ASSIGNMENT: Copy out the lines of the records below, and only those lines, from the one with "Made with Purpose" through the one with "画像1: CALEE/Silver star", exactly as they appear.

RECORDS FOR THIS EXERCISE:
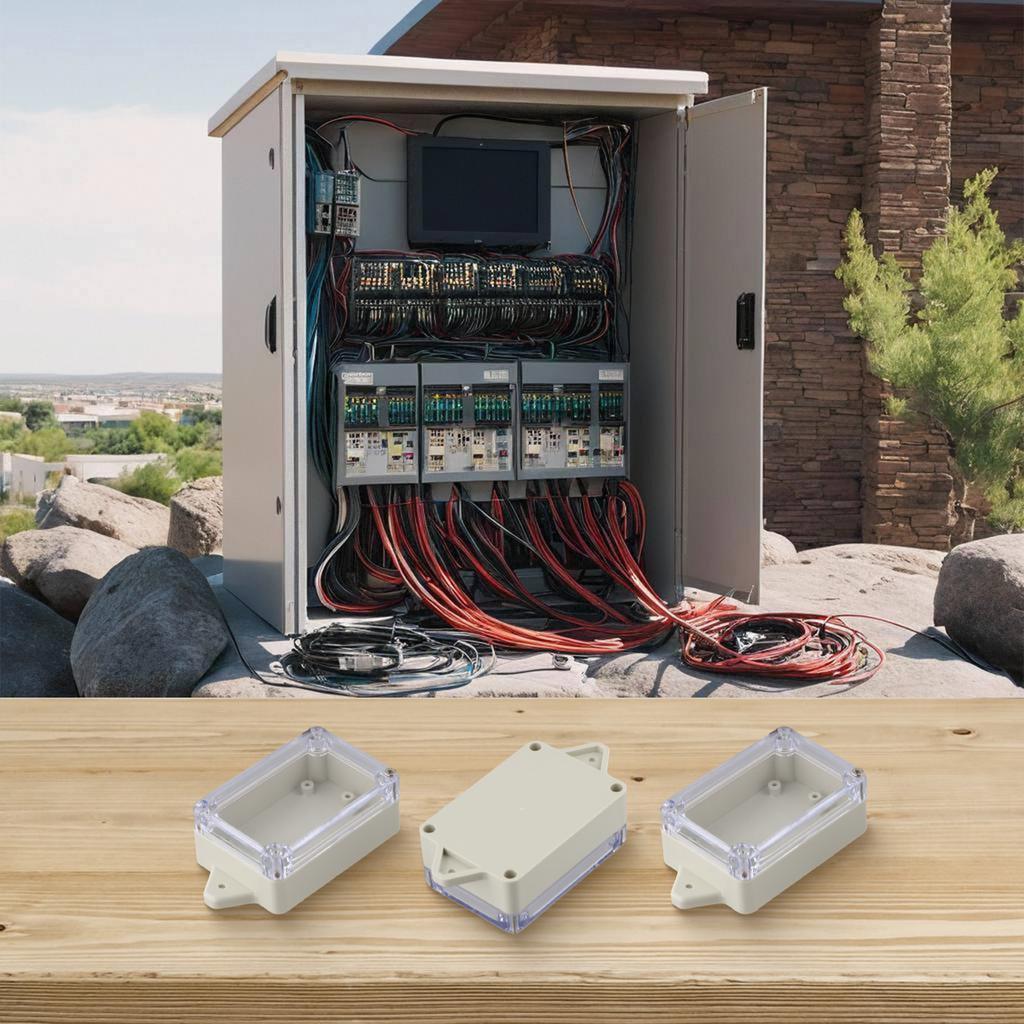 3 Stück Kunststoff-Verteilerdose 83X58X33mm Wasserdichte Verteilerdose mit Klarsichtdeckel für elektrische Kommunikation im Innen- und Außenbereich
* * *
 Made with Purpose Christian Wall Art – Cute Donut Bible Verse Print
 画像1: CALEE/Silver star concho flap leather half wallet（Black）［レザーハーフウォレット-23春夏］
...
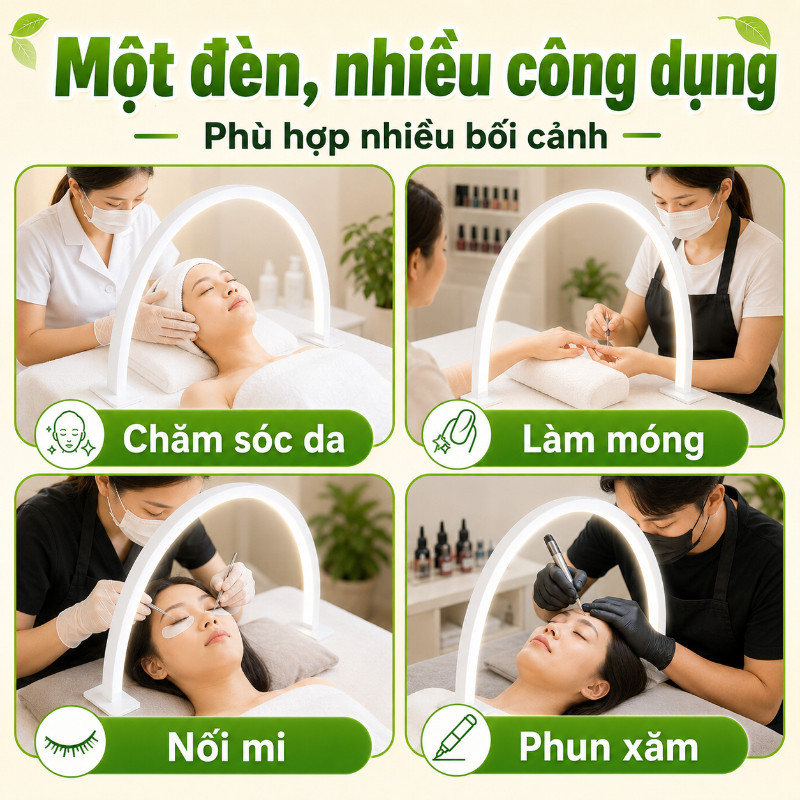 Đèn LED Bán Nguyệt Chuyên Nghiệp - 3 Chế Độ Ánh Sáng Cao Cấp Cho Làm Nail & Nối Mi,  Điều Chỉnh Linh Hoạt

RESULT FOR THIS TASK:
 Made with Purpose Christian Wall Art – Cute Donut Bible Verse Print
 画像1: CALEE/Silver star concho flap leather half wallet（Black）［レザーハーフウォレット-23春夏］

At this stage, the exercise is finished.